For more details, have a look at the Code Generation sample: exoquery-sample-codegen.
Pay Attention to CodeVersion
Whenever you change the CodeVersion.Fixed("1.0.0") setting, the entities will be regenerated.
This means that if you change your database schema, you can simply bump the version number!
When you do that, be sure to actually recompile the file containing the capture.generate(...) call since
that is what triggers the regeneration of the entities. If the file is not recompiled, the entities will not be regenerated.
Using AI for Cleaner Entities
If you want to use AI to clean up the generated entities, you can use the NameParser.UsingLLM option.

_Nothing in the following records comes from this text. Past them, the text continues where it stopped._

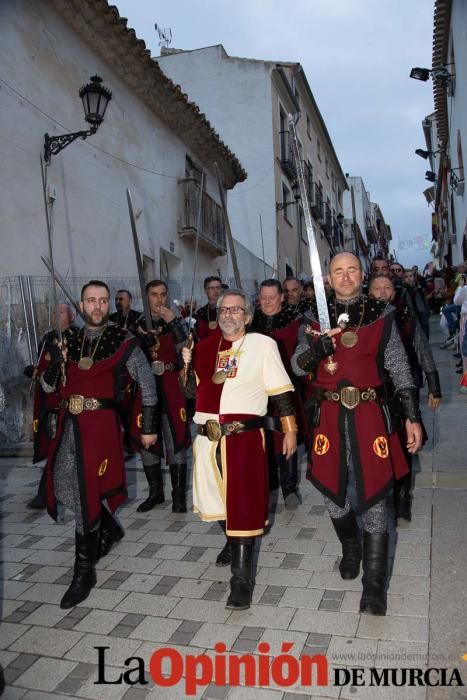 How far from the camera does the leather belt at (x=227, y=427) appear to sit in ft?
11.2

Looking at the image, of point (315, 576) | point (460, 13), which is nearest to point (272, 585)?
point (315, 576)

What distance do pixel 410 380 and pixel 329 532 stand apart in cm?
153

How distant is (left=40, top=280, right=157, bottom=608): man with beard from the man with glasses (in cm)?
54

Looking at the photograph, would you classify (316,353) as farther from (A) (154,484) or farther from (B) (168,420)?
(A) (154,484)

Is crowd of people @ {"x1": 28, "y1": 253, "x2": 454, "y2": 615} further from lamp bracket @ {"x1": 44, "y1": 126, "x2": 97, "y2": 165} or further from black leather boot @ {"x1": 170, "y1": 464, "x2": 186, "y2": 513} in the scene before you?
lamp bracket @ {"x1": 44, "y1": 126, "x2": 97, "y2": 165}

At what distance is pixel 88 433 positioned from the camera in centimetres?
369

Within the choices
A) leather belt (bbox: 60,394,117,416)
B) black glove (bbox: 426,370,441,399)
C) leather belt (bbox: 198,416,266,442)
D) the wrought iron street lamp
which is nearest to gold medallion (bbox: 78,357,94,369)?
leather belt (bbox: 60,394,117,416)

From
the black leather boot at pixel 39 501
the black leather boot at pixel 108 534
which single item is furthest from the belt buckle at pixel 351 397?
the black leather boot at pixel 39 501

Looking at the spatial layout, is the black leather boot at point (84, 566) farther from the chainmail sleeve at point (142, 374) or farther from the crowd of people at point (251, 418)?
the chainmail sleeve at point (142, 374)

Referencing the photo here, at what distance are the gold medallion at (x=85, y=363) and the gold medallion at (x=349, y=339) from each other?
1.58 meters

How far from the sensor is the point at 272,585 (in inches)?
140

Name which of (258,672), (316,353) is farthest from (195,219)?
(258,672)

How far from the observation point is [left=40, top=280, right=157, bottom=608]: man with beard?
3637 millimetres

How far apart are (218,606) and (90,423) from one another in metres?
1.32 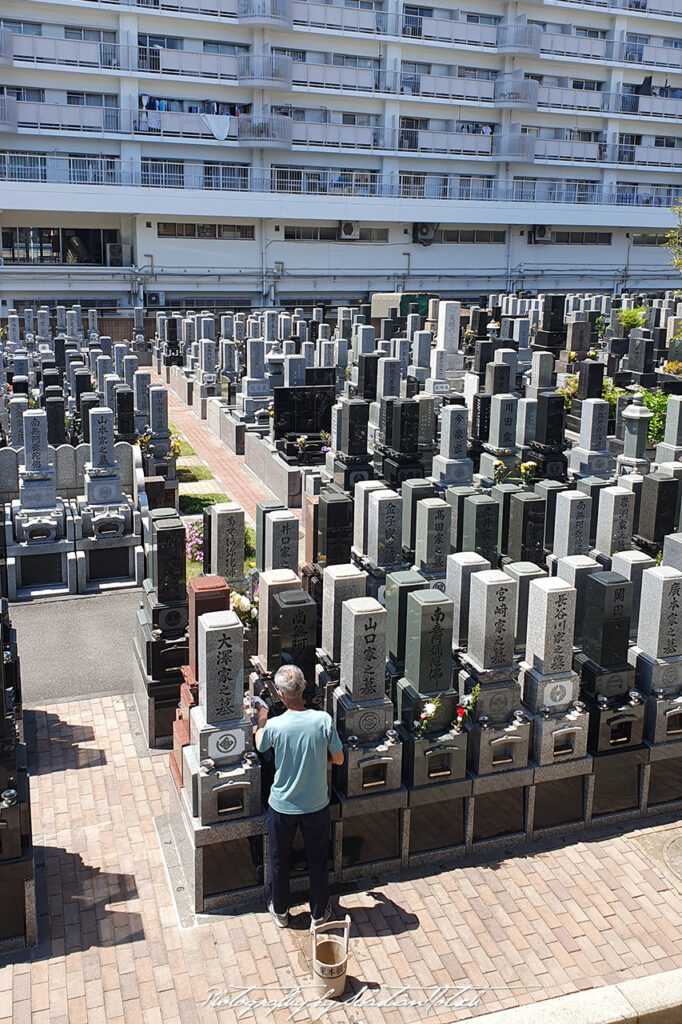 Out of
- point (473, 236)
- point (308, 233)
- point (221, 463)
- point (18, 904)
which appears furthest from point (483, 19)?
point (18, 904)

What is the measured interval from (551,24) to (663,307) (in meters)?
20.1

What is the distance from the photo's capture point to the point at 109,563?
12555 mm

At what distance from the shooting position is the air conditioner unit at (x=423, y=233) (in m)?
44.9

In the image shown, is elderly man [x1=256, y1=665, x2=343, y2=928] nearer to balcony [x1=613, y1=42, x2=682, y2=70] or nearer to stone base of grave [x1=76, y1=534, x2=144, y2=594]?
stone base of grave [x1=76, y1=534, x2=144, y2=594]

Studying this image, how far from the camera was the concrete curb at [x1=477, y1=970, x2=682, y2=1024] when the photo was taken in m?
5.23

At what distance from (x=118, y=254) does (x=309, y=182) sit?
889 cm

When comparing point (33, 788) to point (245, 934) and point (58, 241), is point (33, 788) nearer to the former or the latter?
point (245, 934)

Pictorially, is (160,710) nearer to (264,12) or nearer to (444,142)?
(264,12)

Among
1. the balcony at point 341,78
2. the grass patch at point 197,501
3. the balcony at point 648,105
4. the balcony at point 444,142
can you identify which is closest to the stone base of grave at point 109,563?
the grass patch at point 197,501

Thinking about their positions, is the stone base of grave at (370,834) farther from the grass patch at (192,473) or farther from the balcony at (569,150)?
the balcony at (569,150)

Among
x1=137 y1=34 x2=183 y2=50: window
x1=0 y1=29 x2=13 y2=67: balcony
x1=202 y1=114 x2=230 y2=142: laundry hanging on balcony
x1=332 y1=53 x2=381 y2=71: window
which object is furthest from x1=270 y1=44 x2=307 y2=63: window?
x1=0 y1=29 x2=13 y2=67: balcony

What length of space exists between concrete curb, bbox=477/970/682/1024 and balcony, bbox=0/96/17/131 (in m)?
37.2

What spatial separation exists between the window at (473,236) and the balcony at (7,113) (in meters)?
19.4

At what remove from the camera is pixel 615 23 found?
47.1 m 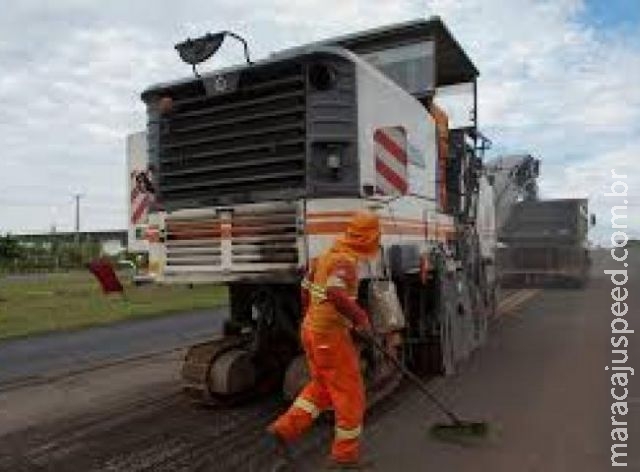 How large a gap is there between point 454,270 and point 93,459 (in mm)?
4871

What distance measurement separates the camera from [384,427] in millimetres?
8281

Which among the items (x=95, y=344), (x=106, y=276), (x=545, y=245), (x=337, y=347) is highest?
(x=545, y=245)

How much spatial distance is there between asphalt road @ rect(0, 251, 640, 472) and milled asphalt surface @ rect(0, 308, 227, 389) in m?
1.22

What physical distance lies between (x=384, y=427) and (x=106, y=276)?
337 centimetres

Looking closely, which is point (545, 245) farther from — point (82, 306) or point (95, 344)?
point (95, 344)

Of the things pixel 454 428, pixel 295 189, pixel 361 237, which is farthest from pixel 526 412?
pixel 295 189

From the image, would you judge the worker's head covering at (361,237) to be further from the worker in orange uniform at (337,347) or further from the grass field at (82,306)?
the grass field at (82,306)

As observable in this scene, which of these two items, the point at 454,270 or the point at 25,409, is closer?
the point at 25,409

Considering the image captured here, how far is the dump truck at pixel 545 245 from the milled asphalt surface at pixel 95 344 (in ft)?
37.7

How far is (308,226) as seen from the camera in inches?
329

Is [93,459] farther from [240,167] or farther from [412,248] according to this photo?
[412,248]

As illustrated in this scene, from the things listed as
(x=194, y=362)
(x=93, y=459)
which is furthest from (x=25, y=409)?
(x=93, y=459)

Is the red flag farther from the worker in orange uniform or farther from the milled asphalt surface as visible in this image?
the worker in orange uniform

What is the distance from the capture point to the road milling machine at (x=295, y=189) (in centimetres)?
841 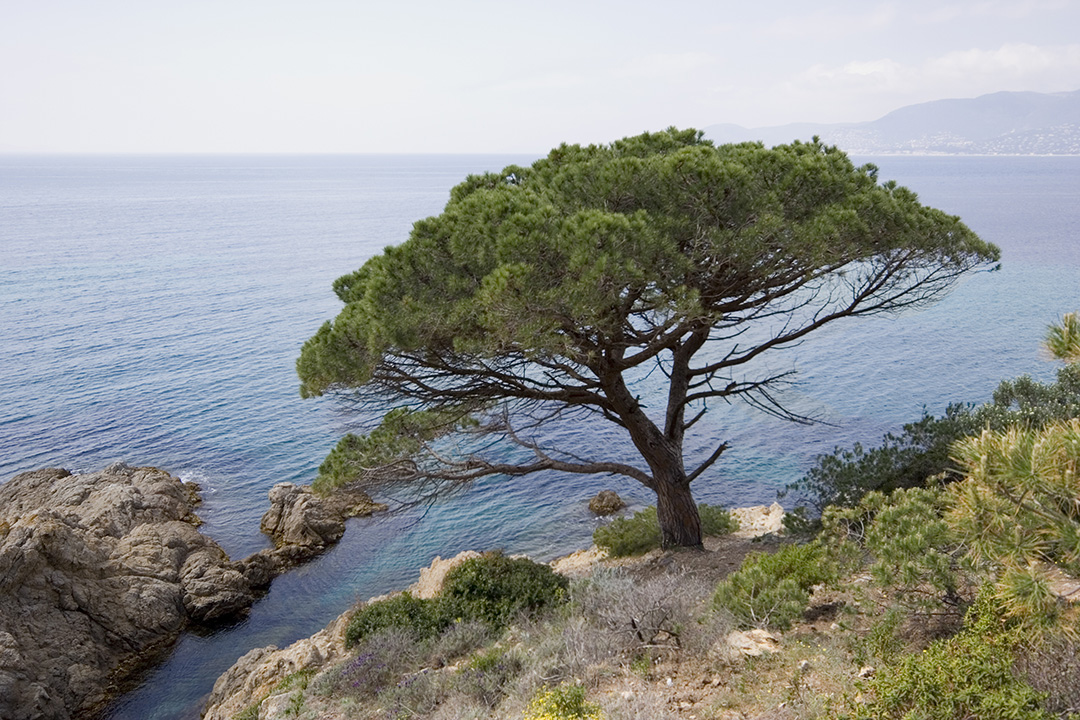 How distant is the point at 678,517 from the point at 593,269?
20.1ft

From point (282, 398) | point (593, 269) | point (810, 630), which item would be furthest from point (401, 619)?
point (282, 398)

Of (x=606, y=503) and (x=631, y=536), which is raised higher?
(x=631, y=536)

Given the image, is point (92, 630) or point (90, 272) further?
point (90, 272)

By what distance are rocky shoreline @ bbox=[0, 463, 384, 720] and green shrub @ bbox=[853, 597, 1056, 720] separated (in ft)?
31.4

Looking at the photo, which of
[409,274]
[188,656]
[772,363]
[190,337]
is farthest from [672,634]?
[190,337]

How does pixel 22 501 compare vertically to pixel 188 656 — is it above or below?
above

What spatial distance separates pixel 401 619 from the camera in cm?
1103

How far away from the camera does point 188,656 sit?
15523 millimetres

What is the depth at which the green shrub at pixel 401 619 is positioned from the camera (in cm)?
1081

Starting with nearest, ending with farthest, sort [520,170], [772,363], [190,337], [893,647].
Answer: [893,647] < [520,170] < [772,363] < [190,337]

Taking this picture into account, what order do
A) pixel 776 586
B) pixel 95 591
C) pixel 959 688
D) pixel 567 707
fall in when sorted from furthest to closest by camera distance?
1. pixel 95 591
2. pixel 776 586
3. pixel 567 707
4. pixel 959 688

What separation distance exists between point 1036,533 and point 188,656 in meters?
16.2

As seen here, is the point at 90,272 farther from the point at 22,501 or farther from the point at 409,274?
the point at 409,274

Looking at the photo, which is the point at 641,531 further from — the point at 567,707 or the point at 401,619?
the point at 567,707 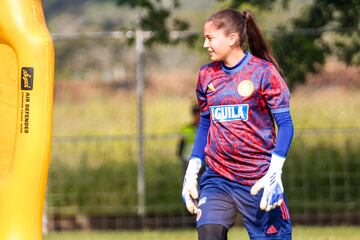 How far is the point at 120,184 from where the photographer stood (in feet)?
54.6

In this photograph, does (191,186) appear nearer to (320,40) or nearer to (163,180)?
(320,40)

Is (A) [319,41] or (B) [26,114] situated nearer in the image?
(B) [26,114]

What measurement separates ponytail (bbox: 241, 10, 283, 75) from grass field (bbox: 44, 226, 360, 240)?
650 cm

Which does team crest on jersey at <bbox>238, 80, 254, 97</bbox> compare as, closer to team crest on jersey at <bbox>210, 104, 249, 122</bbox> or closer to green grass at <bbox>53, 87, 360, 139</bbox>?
team crest on jersey at <bbox>210, 104, 249, 122</bbox>

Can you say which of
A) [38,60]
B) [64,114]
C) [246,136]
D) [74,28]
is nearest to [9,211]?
[38,60]

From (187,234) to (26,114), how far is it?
7925 millimetres

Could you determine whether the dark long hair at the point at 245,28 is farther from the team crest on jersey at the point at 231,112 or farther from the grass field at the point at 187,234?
the grass field at the point at 187,234

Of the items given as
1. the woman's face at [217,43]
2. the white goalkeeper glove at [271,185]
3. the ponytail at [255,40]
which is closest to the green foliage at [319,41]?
the ponytail at [255,40]

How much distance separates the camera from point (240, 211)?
6.64m

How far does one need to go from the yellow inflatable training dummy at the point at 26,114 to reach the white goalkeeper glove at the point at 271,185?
5.06 ft

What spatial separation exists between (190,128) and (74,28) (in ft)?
17.9

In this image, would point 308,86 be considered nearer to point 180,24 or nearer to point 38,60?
point 180,24

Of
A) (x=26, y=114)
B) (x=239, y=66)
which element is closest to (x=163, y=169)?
(x=26, y=114)

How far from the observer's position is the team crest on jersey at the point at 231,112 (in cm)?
657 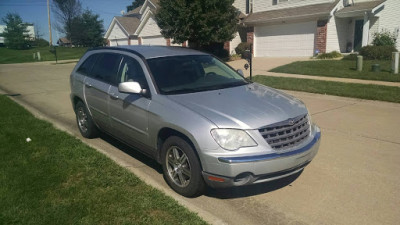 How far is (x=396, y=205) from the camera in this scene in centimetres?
362

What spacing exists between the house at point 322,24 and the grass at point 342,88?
9546 mm

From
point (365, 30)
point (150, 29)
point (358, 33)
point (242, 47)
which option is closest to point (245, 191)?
point (365, 30)

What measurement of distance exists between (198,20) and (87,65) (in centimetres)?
1483

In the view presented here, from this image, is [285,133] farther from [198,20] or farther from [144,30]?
[144,30]

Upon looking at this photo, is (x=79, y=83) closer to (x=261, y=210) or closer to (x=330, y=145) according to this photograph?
(x=261, y=210)

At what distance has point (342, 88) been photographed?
10508 millimetres

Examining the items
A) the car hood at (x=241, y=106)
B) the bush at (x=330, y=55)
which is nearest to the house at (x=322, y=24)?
the bush at (x=330, y=55)

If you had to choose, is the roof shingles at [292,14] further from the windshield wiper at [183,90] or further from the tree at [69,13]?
the tree at [69,13]

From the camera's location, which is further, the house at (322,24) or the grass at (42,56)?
the grass at (42,56)

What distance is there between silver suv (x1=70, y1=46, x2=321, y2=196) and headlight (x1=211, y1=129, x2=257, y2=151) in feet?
0.03

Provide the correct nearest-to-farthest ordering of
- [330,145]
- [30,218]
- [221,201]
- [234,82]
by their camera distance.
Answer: [30,218] → [221,201] → [234,82] → [330,145]

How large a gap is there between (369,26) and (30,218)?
2232cm

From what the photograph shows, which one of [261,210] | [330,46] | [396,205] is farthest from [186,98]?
[330,46]

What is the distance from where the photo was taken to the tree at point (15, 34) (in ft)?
199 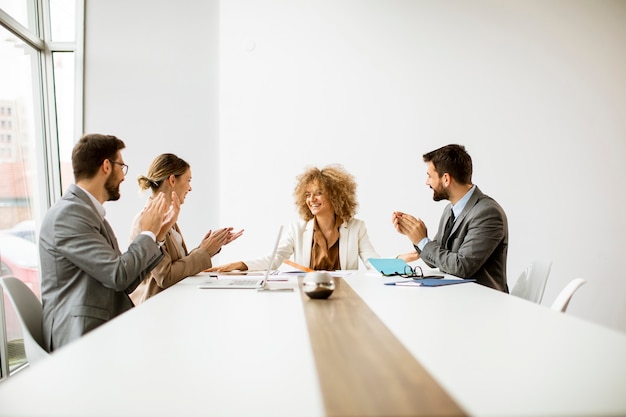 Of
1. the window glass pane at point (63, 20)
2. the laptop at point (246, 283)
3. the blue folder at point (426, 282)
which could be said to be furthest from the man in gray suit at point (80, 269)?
the window glass pane at point (63, 20)

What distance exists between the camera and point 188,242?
4.99 meters

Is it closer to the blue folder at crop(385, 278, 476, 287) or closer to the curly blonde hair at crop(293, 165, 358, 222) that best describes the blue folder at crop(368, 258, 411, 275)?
the blue folder at crop(385, 278, 476, 287)

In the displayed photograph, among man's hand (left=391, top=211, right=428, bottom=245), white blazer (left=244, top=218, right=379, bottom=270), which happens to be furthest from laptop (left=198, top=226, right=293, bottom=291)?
white blazer (left=244, top=218, right=379, bottom=270)

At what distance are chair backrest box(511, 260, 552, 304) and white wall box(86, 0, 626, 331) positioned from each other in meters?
1.97

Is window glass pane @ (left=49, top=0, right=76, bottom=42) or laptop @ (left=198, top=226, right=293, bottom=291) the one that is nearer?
laptop @ (left=198, top=226, right=293, bottom=291)

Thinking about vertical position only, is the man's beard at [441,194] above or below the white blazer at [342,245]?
above

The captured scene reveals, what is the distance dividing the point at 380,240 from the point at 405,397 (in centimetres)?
396

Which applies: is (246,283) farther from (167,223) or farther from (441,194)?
(441,194)

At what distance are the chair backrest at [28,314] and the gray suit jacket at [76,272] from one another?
0.04m

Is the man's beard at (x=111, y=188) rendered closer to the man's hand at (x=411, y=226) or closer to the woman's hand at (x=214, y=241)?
the woman's hand at (x=214, y=241)

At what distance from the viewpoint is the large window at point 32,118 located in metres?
3.78

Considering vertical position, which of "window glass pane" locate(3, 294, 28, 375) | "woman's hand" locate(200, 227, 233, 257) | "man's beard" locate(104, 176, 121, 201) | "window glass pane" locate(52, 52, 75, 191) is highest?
"window glass pane" locate(52, 52, 75, 191)

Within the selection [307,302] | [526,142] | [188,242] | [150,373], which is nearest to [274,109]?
[188,242]

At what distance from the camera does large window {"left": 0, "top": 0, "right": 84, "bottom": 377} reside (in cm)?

Currently OpenAI and Ollama are supported.
package my.example.app
fun myFunction() {
sql.generate(
Code.Entities(
CodeVersion.Fixed("1.0.0"),
DatabaseDriver.Postgres("jdbc:postgresql://<db-host>:<db-port>/<db-name>"),
"my.example.app",
nameParser = NameParser.UsingLLM(LLM.OpenAI())
)
)
}
Be sure to set your OpenAI API key in the .codegen.properties for example:
user=postgres
password=postgres
api-key=jsnfdkjsnf24920924...
For more details, have a look at the Code Generation sample using AI: exoquery-sample-codegen-ai
In the Nuts and Bolts
WARNING: This section is not for the faint of heart. It is a deep-dive into the more obscure parts of ExoQuery,
and is not necessary to understand in order to use ExoQuery effectively. Please proceed with caution.
ExoQuery is based on my learnings from the Quill Language Integrated Query library
that I have maintained for the better part of a decade. It incorporates fundamental ideas from Functional Programming,
Metaprogramming, and Category Theory in a non-invasive way. It was inspired by a series of precedents.
One important thing to understand about ExoQuery from a theoretical standpoint is that it is fundamentally monadic,
just like Microsoft LINQ. The construct capture.select bundles the sequence of linear variable assignments until a
nesting of flatMaps is created. This is based on the novel approach of Monadless.
Take for example this query:
val q = sql.select {
val p = from(Table<Person>())
val a = join(Table<Address>()) { a -> p.id == a.ownerId }
val r = join(Table<Robot>()) { r -> p.id == r.ownerId }
Triple(p, a, r)
}
println(q.normalizeSelects().xr.show())
Table(Person).flatMap { p ->
Table(Address).join { a -> p.id == a.ownerId }.flatMap { a ->
Table(Robot).join { r -> p.id == r.ownerId }.map { r ->
Triple(first = p, second = a, third = r)
}
}
}
ExoQuery supports a user-accessible flatMap function that can literally be used to create the same exact structure:
val q2 = sql {
Table<Person>().flatMap { p ->
internal.flatJoin(Table<Address>()) { a -> p.id == a.ownerId }.flatMap { a ->
internal.flatJoin(Table<Robot>()) { r -> p.id == r.ownerId }.map { r ->
Triple(p, a, r)
}
}
}
}
println(q2.show())
Table(Person).flatMap { p ->
Table(Address).join { a -> p.id == a.ownerId }.flatMap { a ->
Table(Robot).join { r -> p.id == r.ownerId }.map { r ->
Triple(first = p, second = a, third = r)
}
}
}
The takeaway here is that the from() and join() functions are actually customized variations
of the monadic bind, embedded into a direct-style syntactic sugar.